Love letters from London
Tucked between the pages of a thin, spiral notebook with a plain brown cover, I keep two letters that came to me from London in the summer of 1970 after my first year of graduate studies in psychology.
In the small, cluttered room where I write at the top of the stairs, I know exactly where to find this book though I rarely open it. It is enough to know it is there to remind me of a time when the world was new and psychology held the promise that drives all explorers to ever-expanding horizons.
It is the age-old promise of adventure and discovery that beckons you forward when you stand on the threshold of delights you can only imagine. You are in love with the world and, for the first time, begin to think that it just might love you back.
Loving the world is too big a task, so I started with a city. It is impossible to say when my love affair with London began, but it was certainly long before I arrived in Victoria Station on the bus from Heathrow and squeezed into a telephone box to search the directory for one night’s lodging.
One night was all I would need because early the next morning I would take the Southern Railway to Wandsworth Common and walk to the Beechcroft School. There, I would work and live with 50 so-called “maladjusted boys” who, for all the usual reasons, were having trouble learning in regular classrooms.

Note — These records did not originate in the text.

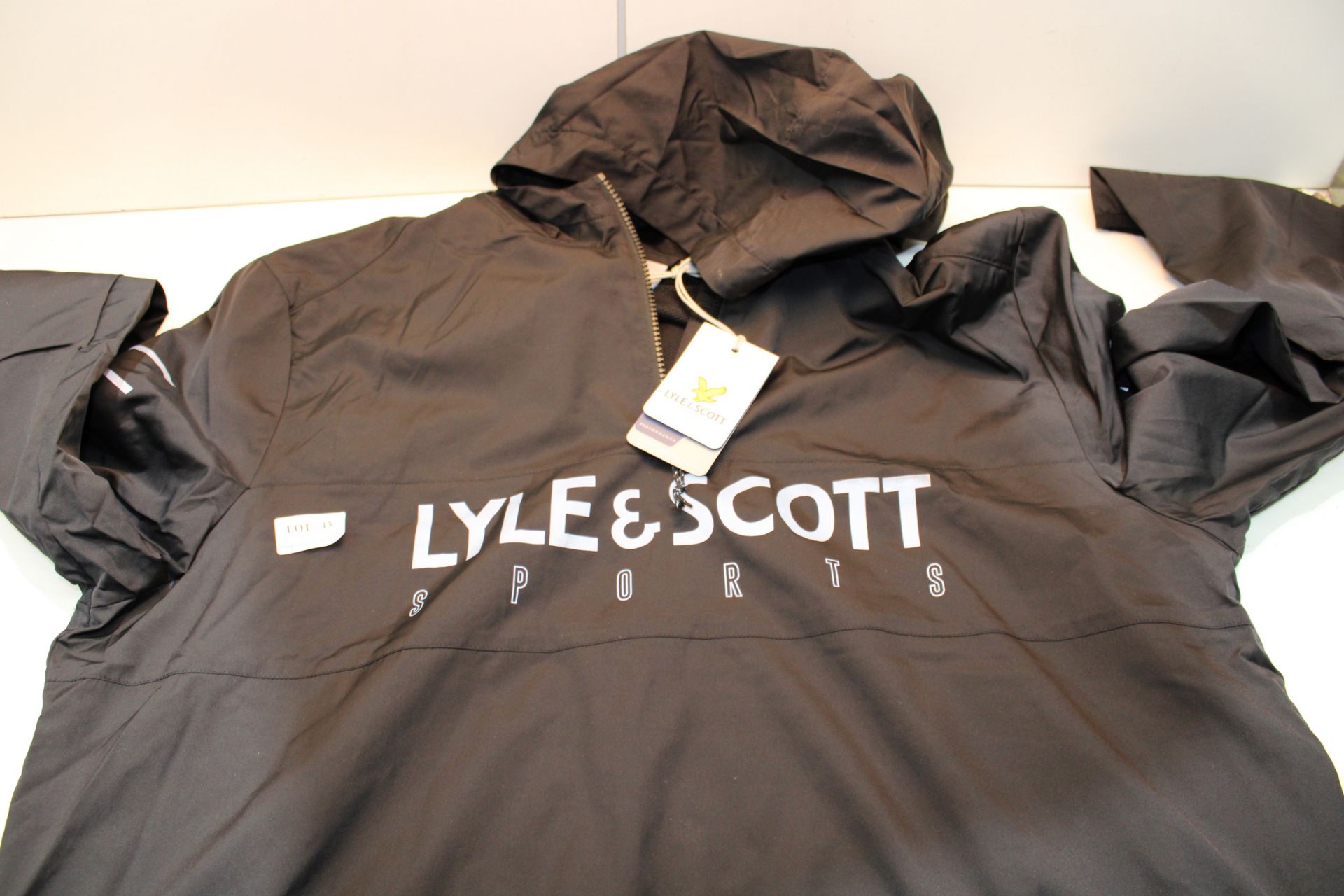 LYLE & SCOTT SPORT ZIPPED TOP FITNESS SIZE XL Condition ReportAppraisal Available on Request- All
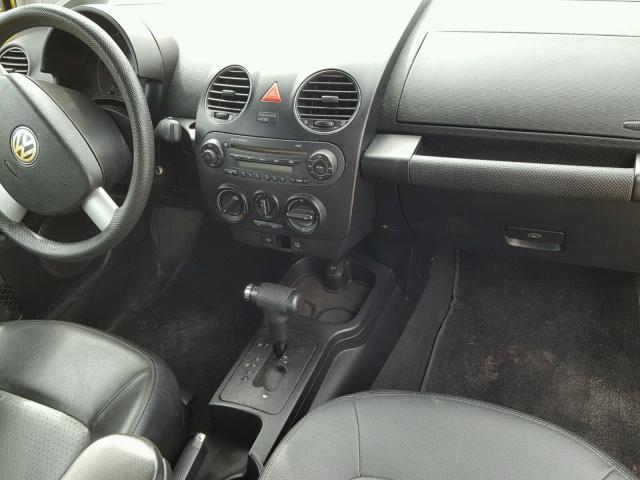 3VWPG3AGXAM007279 - 2010 VOLKSWAGEN NEW BEETLE 黄色 照片 9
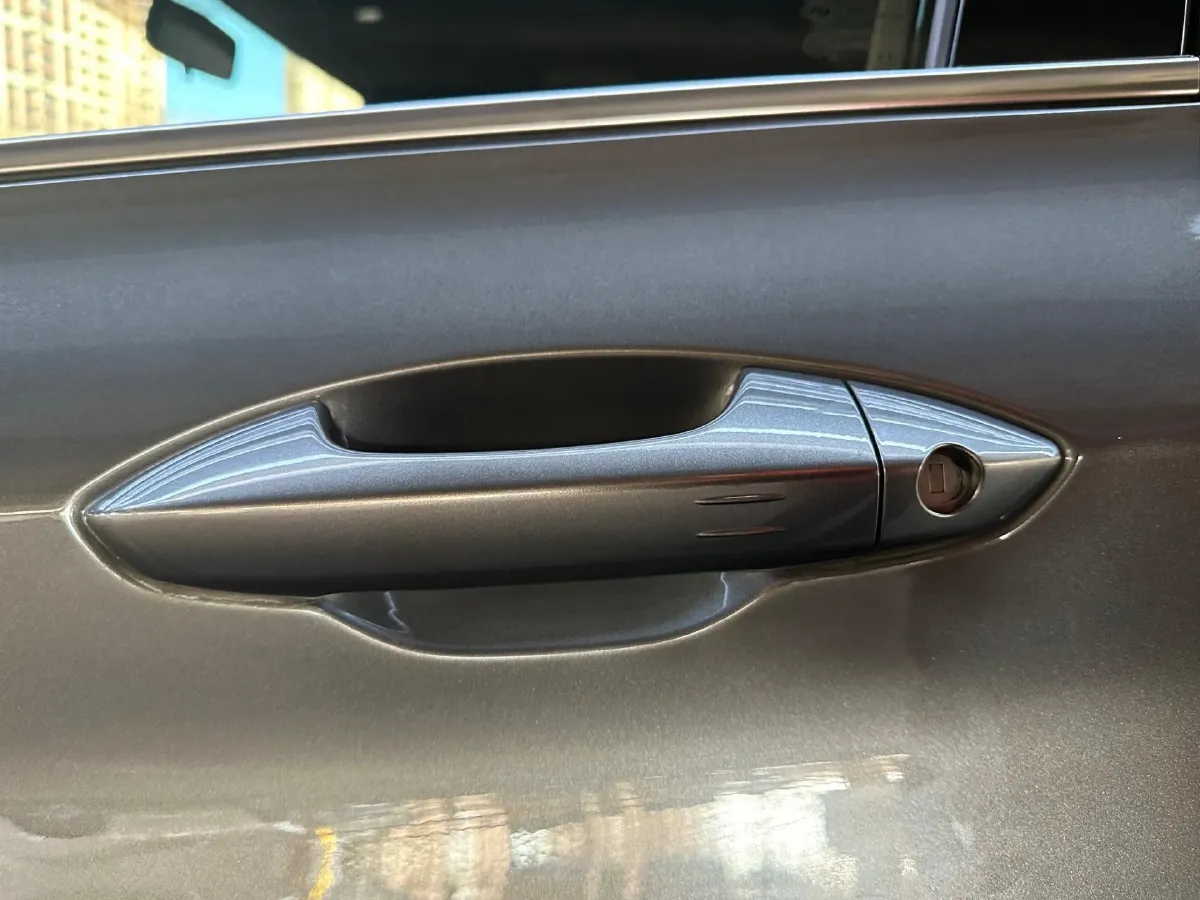 2021 Geely Coolray 1.4T 141HP L4 6DCT,autocango,china used car exporter,china ev exporter,chinese used car exporter,chinese used ev exporter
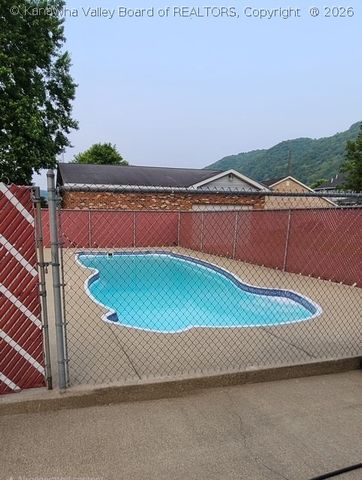 118 Maroney Lane, Shrewsbury, WV 25015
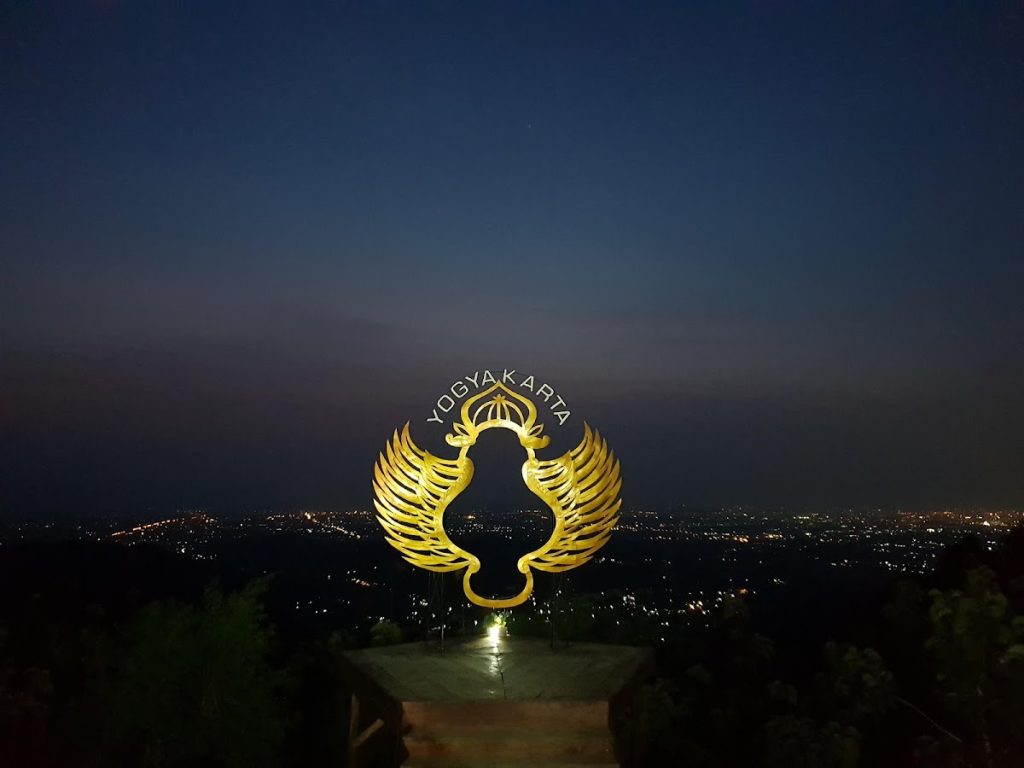 Keindahan Panorama Alam Dan Pemandangan Malam Hari di Pintoe Langit Dahromo.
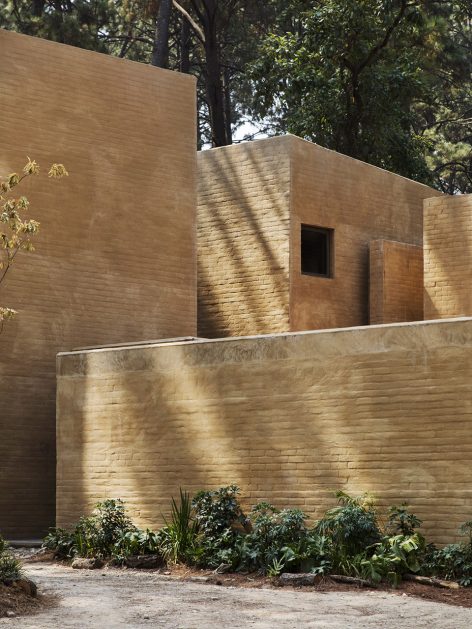 Entrepinos by Taller Hector Barroso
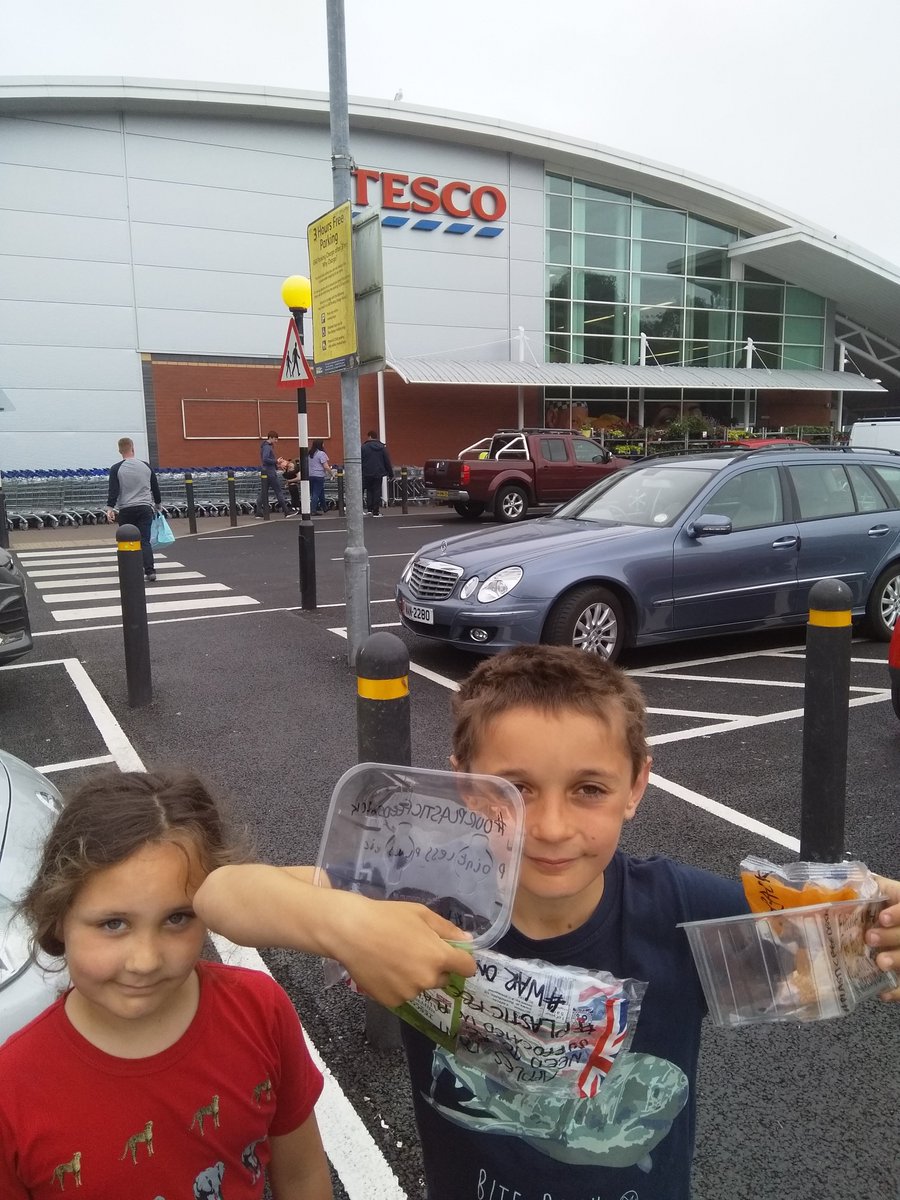 Today we gave #OurPlasticFeedback to @tesco! Shout out to Jasmine who was working on customer services who gladly took our plastic and encouraged the kids to continue bringing their #PointlessPlastic back! #WarOnPlastic @HughFW @itsanitarani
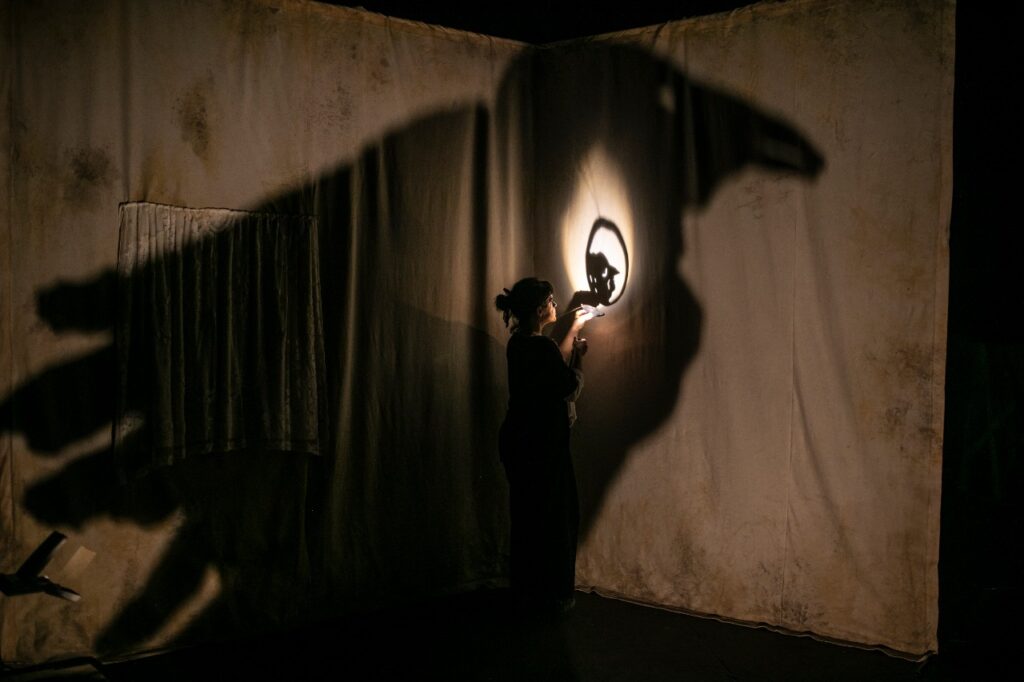 Estrenan “Fin”, teatro de sombras, en la sala Área 623 de Balvanera: coproducción de Argentina, México y Brasil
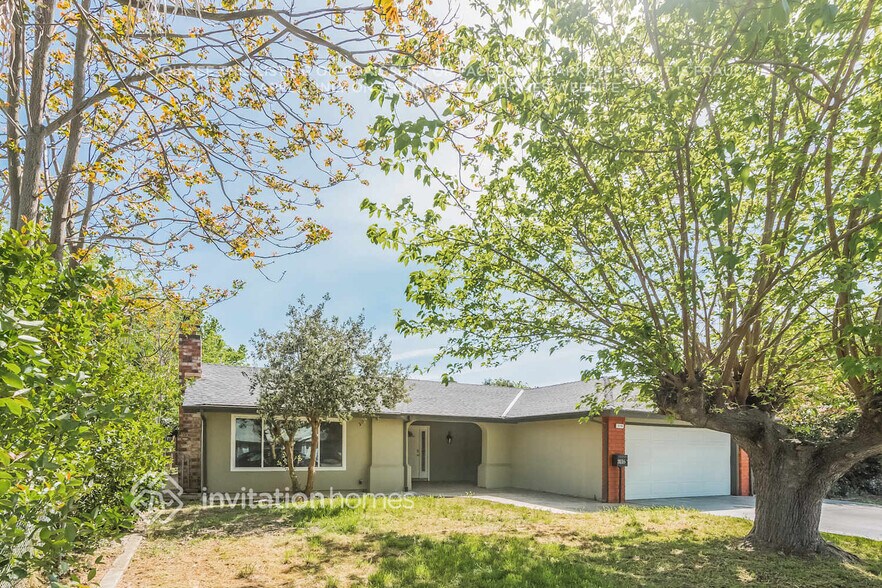 Building Photo - 3116 Bridgeford Dr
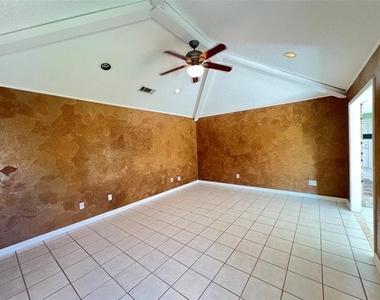 2312 Blue Cypress Drive - Photo Thumbnail 13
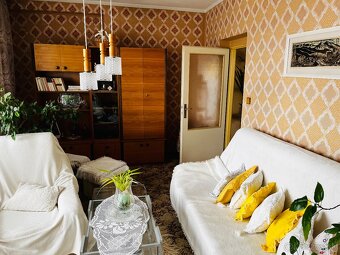 Predám 3 podlažný rodinný dom PO, Slnečná ulica - 14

I would have a small, clean room in one of the dormitories, meals, and tea breaks each day with the boys and staff, a caseload of several new boys to assess and treat, supervision by a psychologist from the Hampstead Child Therapy Course and Clinic, an invitation to hear Anna Freud discuss case presentations every Wednesday, and easy access to one of the most exciting cities in the world.
All of this was available to me for a mere three pounds, seven shillings, and eight pence per week or about $4.40 at today’s exchange rate.
I owe my good fortune to Dr. Murray Cohen, now a professor emeritus at Boston University, and Dr. Tom Lopez, a graduate of the BU program who at the time was doing postdoctoral work in London in Miss Freud’s program.
After completing our first year of doctoral studies at BU, we were required to have a summer placement and given help arranging one. When I made what was for me an unusually bold request to work in London, Dr. Cohen called Tom and Tom made the necessary arrangements.
Then, a letter arrived from Reg Evans, the headmaster of the Beechcroft School, spelling out the terms of my placement. This letter was followed by a second one from a Mrs. C.S. Thurtle inviting me to the weekly case conferences at the Hampstead clinic.
The other day, I picked up the notebook and examined the memories it holds. Along with the letters, typed on small, rectangular sheets of paper, were my notes on three case presentations. Miss Freud was always the discussant and I always highlighted her comments in my carefully transcribed notes.
My memory brought me back to the stately brick building in Hampstead with its exterior white trim, the vestibule leading to a grand staircase, and, somewhere, a conference room where I sat in a back row, craning my neck to see Miss Freud.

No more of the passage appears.